#### How to complete this task
An exact transcription is needed of the lines below from the one with "Skiennix Silver Backdrop" through the one with "photo of renee", with no other lines and no pictures.

#### Supplied information
══════

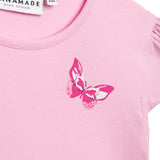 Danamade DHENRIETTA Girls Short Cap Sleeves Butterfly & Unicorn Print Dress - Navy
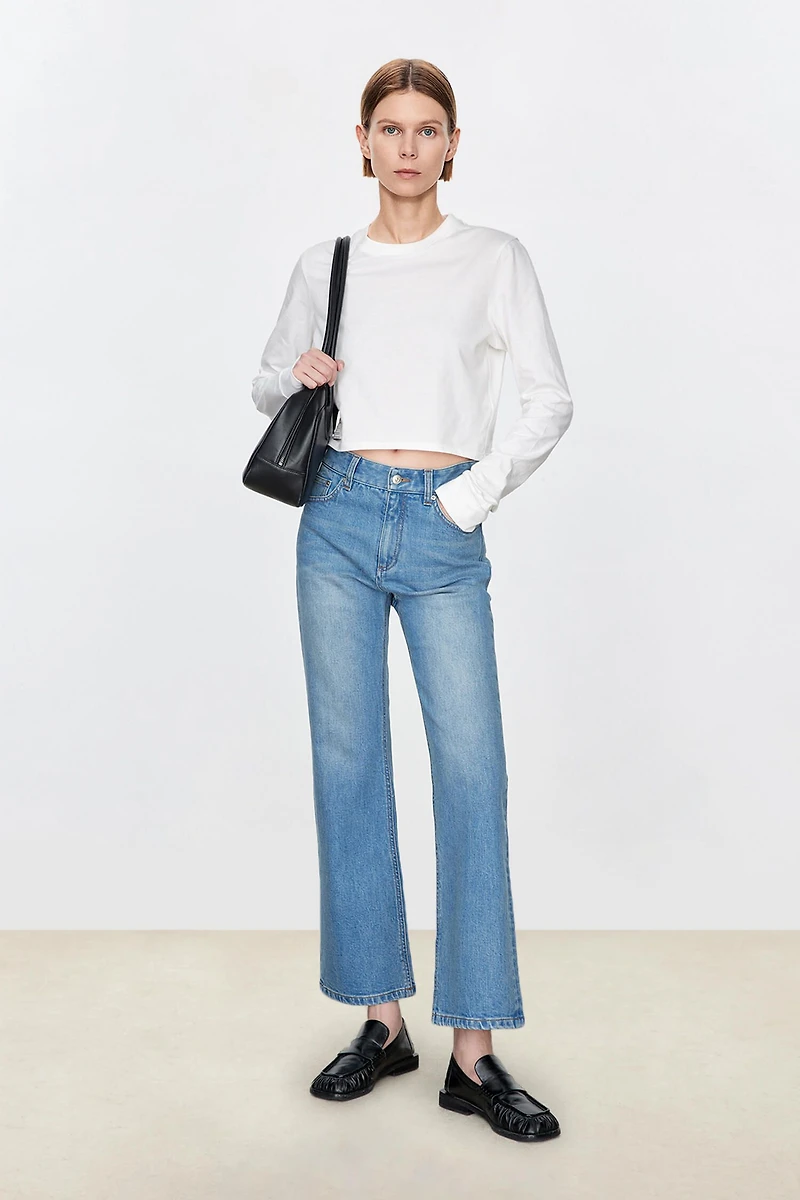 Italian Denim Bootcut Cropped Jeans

══════

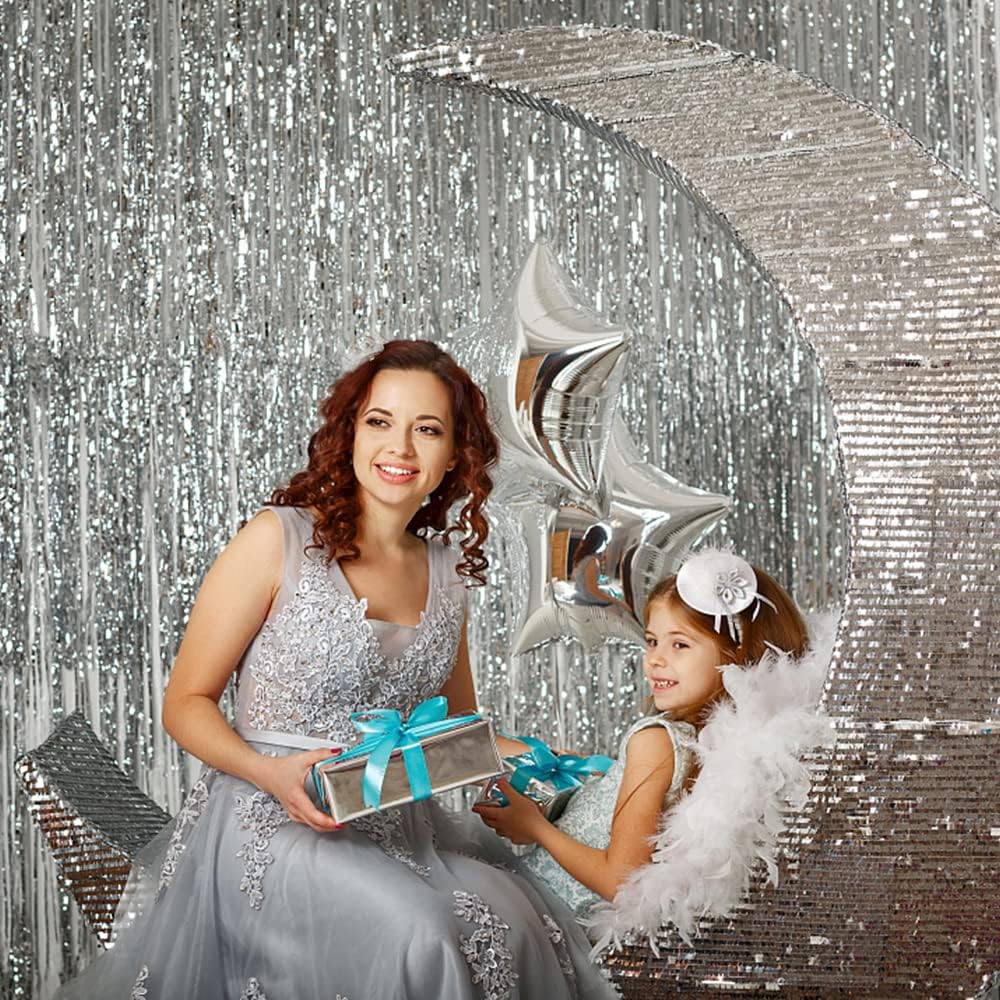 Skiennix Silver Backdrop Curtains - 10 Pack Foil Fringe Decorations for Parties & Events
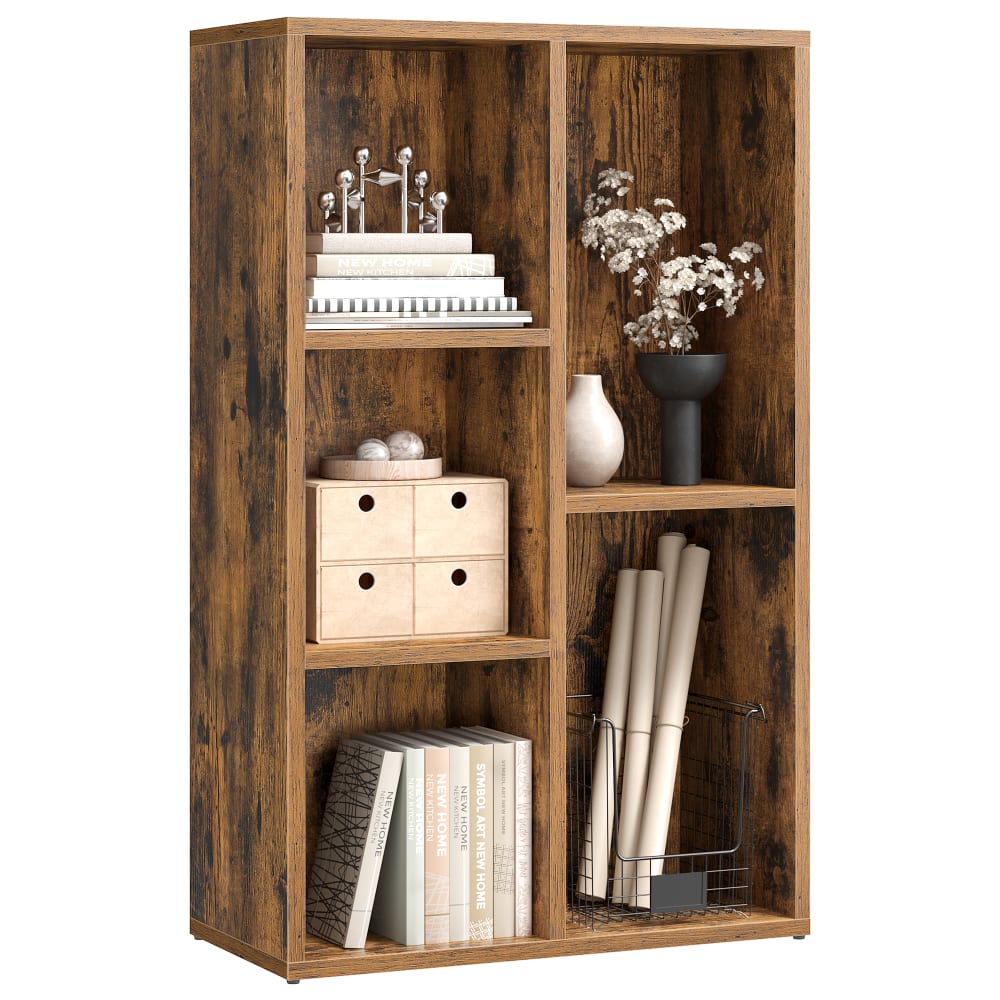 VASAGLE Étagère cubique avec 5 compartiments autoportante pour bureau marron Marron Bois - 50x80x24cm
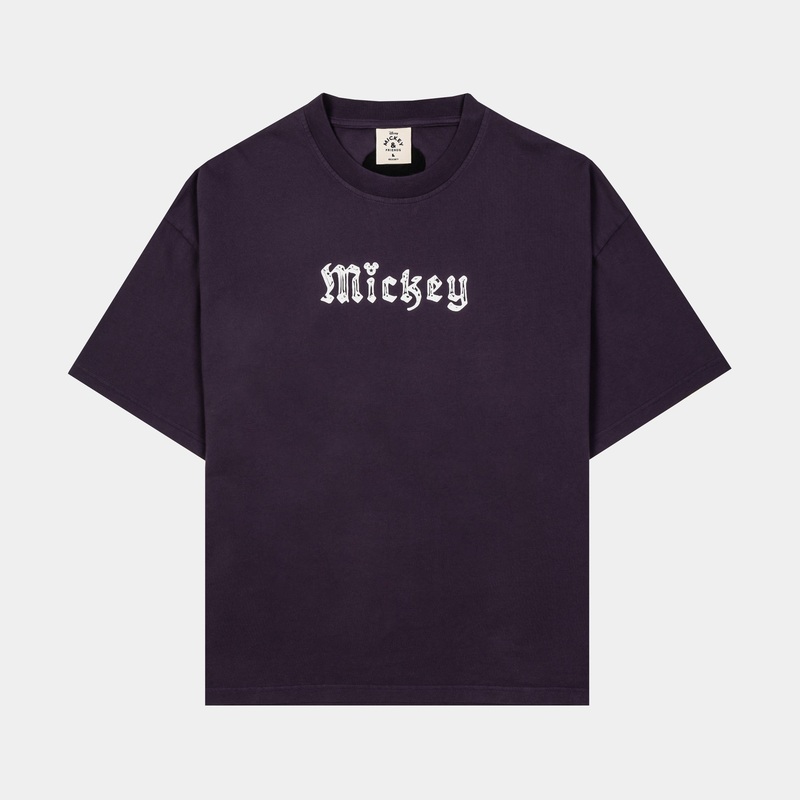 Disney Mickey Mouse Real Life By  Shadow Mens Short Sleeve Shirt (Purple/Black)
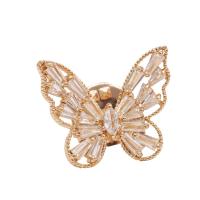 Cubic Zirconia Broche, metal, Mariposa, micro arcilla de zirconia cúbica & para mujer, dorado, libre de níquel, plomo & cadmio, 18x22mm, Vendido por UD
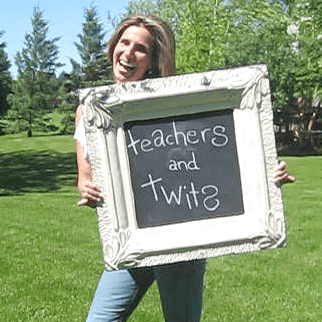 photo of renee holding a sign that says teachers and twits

══════

#### Response for this exercise
 Skiennix Silver Backdrop Curtains - 10 Pack Foil Fringe Decorations for Parties & Events
 VASAGLE Étagère cubique avec 5 compartiments autoportante pour bureau marron Marron Bois - 50x80x24cm
 Disney Mickey Mouse Real Life By  Shadow Mens Short Sleeve Shirt (Purple/Black)
 Cubic Zirconia Broche, metal, Mariposa, micro arcilla de zirconia cúbica & para mujer, dorado, libre de níquel, plomo & cadmio, 18x22mm, Vendido por UD
 photo of renee holding a sign that says teachers and twits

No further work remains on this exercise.